▸ **REQUIRED WORK**
Could you please repeat the entries below word for word, with the images left out?
─── DATA FOR PROCESSING ───
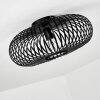 Oravi Plafondlamp Zwart, 1-licht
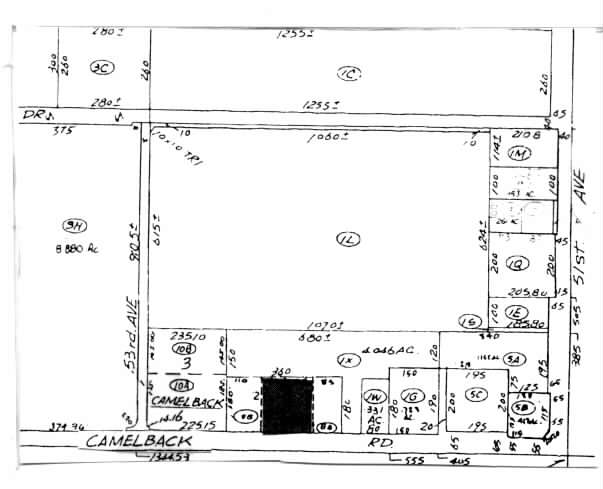 5212 W Camelback Rd, Glendale, AZ for sale - Plat Map - Image 2 of 5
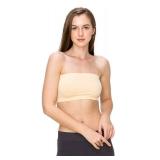Kurve Seamless Bandeau Tube top - UV Protective Fabric, Rated UPF 50+ (Non-Padded) Made in USA, Nude, Medium/Large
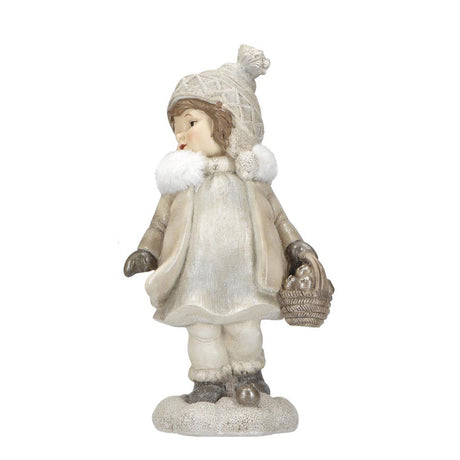 Statuina Bimba in Piedi Timstor in poliresina decorazione Natale 33 cm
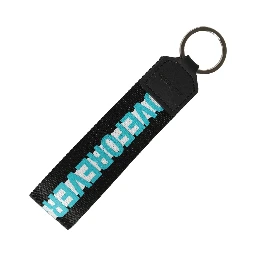 Multicolor Logo Polyester Brass Holder Keychain Keyring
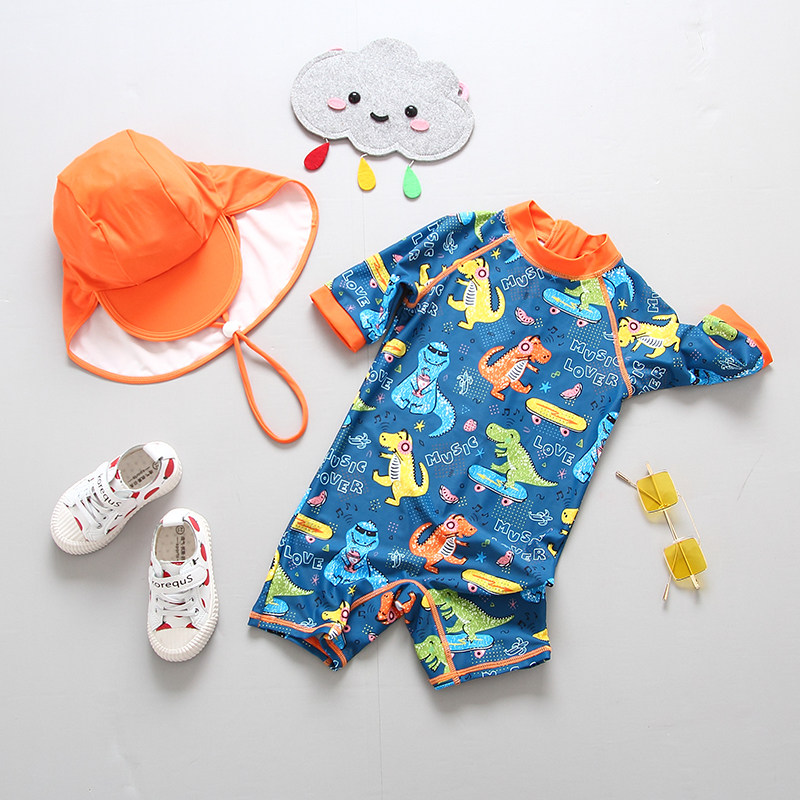 ins儿童泳衣男童连体可爱沙滩防晒速干幼童小孩宝宝恐龙泳衣男潮|ruв категории движение/йога/фитнес/фанаты товаров, плавание, детей купальник/брюки - от Buy2taobao.com для оказания профессиональной услуги покупки агента Taobao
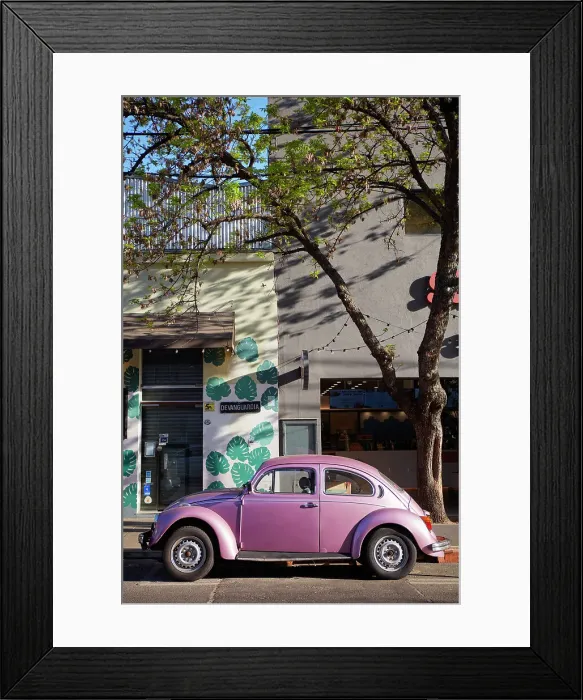 Framed Print : A Volkswagen Beetle vintage car in a street of the Palermo district, Buenos Aires, Argentina Framed Print : A Volkswagen Beetle vintage car in a street of the Palermo district, Buenos Aires, Argentina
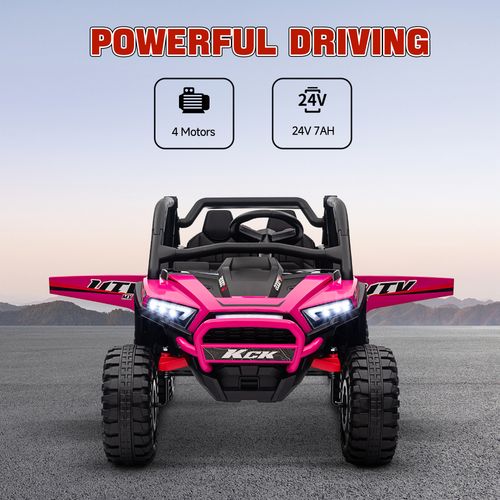 AIYAPLAY 2 Seater 24V 7AH Ride on Truck w/ Spring Suspension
───
▸ **RESPONSE AREA**
 Oravi Plafondlamp Zwart, 1-licht
 5212 W Camelback Rd, Glendale, AZ for sale - Plat Map - Image 2 of 5
Kurve Seamless Bandeau Tube top - UV Protective Fabric, Rated UPF 50+ (Non-Padded) Made in USA, Nude, Medium/Large
 Statuina Bimba in Piedi Timstor in poliresina decorazione Natale 33 cm
 Multicolor Logo Polyester Brass Holder Keychain Keyring
 ins儿童泳衣男童连体可爱沙滩防晒速干幼童小孩宝宝恐龙泳衣男潮|ruв категории движение/йога/фитнес/фанаты товаров, плавание, детей купальник/брюки - от Buy2taobao.com для оказания профессиональной услуги покупки агента Taobao
 Framed Print : A Volkswagen Beetle vintage car in a street of the Palermo district, Buenos Aires, Argentina Framed Print : A Volkswagen Beetle vintage car in a street of the Palermo district, Buenos Aires, Argentina
 AIYAPLAY 2 Seater 24V 7AH Ride on Truck w/ Spring Suspension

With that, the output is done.